### [Exercise prompt]
Only the lines below from the one containing "European Bee-eater (Merops" through the one containing "Paar disney peanuts" belong in the answer, repeated exactly and without pictures.

(Beginning of Data under study)

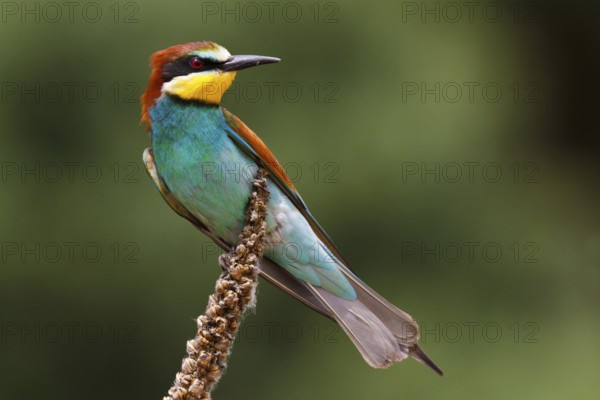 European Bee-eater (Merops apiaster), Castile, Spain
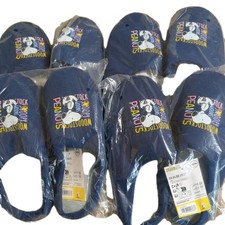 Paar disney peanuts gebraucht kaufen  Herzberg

(End of Data under study)
(Beginning of Data under study)

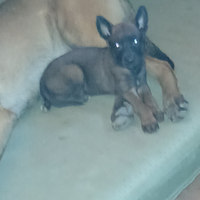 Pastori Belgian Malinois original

(End of Data under study)

### [Response area]
 European Bee-eater (Merops apiaster), Castile, Spain
 Paar disney peanuts gebraucht kaufen  Herzberg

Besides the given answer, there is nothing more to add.